**Assigned task**
Leaving out every picture, quote the data below exactly as it appears.

-=-=-=-=-

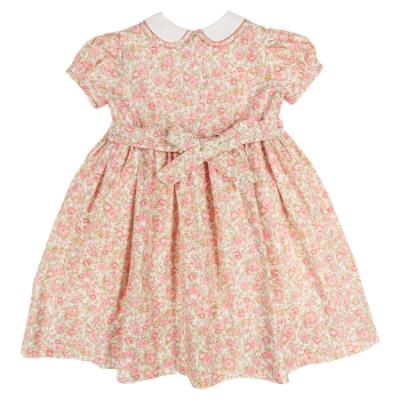 Picture of Sarah Louise Girls Smocked Bodice Puff Sleeve Ditsy Floral Dress - Pink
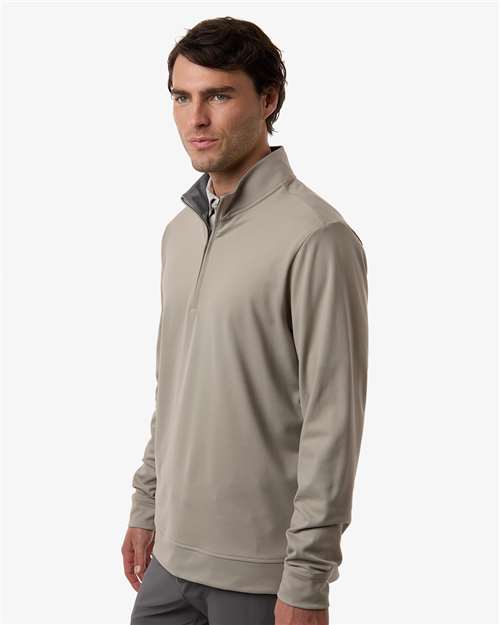Adidas A2017 Men's Ultimate365 Classic Quarter-Zip Pullover - Putty Beige - model side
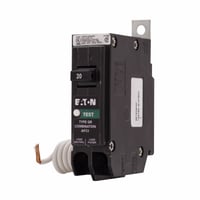QB1020CAFEATON QuickLag® QB1020CAF Type QB Combination AFCI Circuit Breaker, 70 to 160 VAC, 20 A, 10 kA Interrupt, 1 Poles
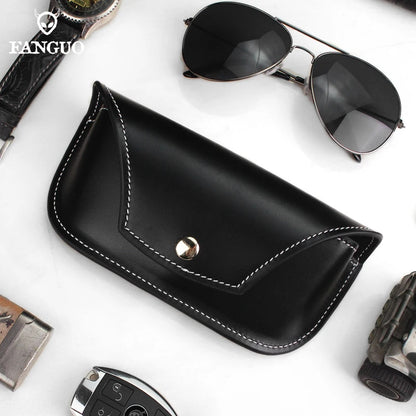 Genuine Leather Eyeglasses Case – Portable Sunglasses Holder for Men & Women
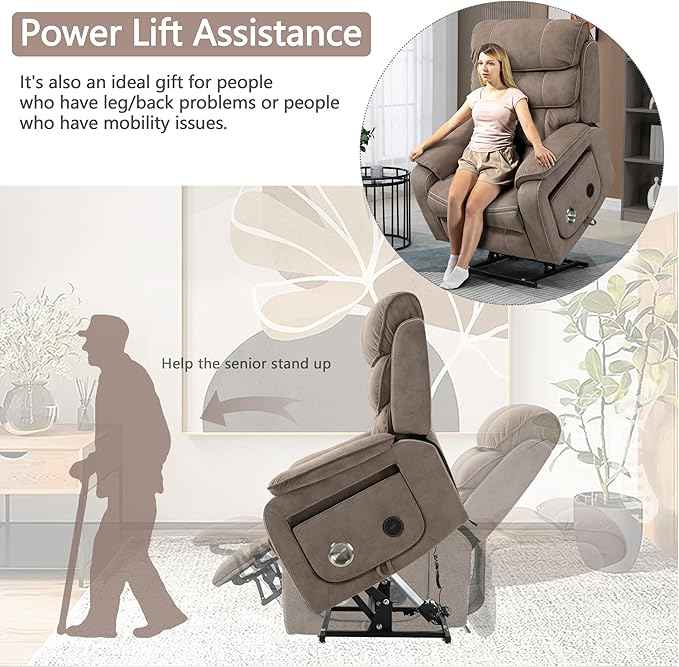 Power Lift Recliner Chair for Adults Elderly Lay Flat Velvet Recliners with Massage Heating, Extended Footrest, Wireless Charging Device, USB Ports, Cup Holder, Lumbar Pillow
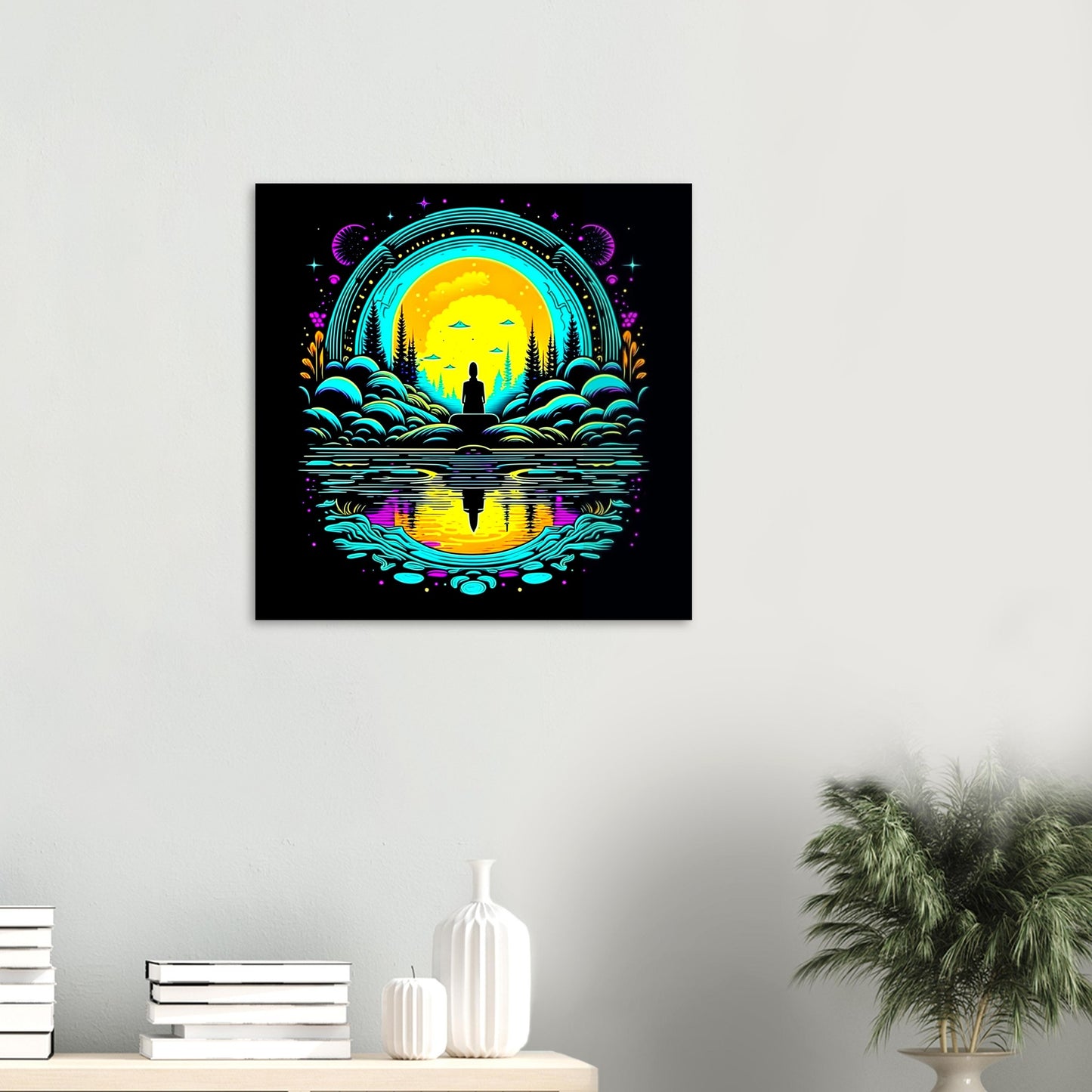 Psychedelic Theme, Printed Wall Art, Type C, Foam Backing, Perfect Gift.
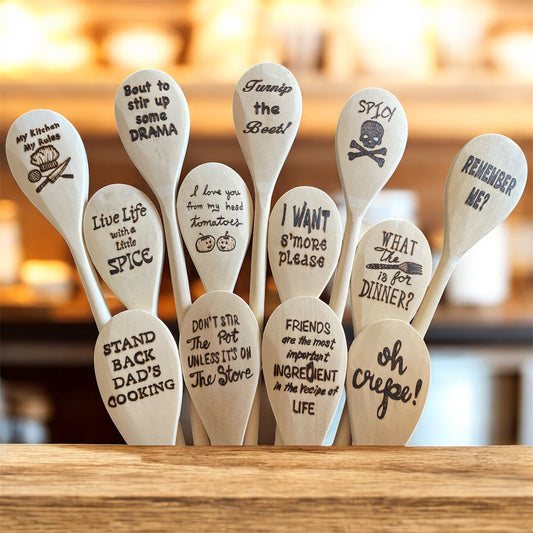 Wooden Cooking Spoons| Rubberwood 14"| Eco-friendly| Quotes| Wood Burned Designs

-=-=-=-=-

**Solution to this task**
 Picture of Sarah Louise Girls Smocked Bodice Puff Sleeve Ditsy Floral Dress - Pink
Adidas A2017 Men's Ultimate365 Classic Quarter-Zip Pullover - Putty Beige - model side
QB1020CAFEATON QuickLag® QB1020CAF Type QB Combination AFCI Circuit Breaker, 70 to 160 VAC, 20 A, 10 kA Interrupt, 1 Poles
 Genuine Leather Eyeglasses Case – Portable Sunglasses Holder for Men & Women
 Power Lift Recliner Chair for Adults Elderly Lay Flat Velvet Recliners with Massage Heating, Extended Footrest, Wireless Charging Device, USB Ports, Cup Holder, Lumbar Pillow
 Psychedelic Theme, Printed Wall Art, Type C, Foam Backing, Perfect Gift.
 Wooden Cooking Spoons| Rubberwood 14"| Eco-friendly| Quotes| Wood Burned Designs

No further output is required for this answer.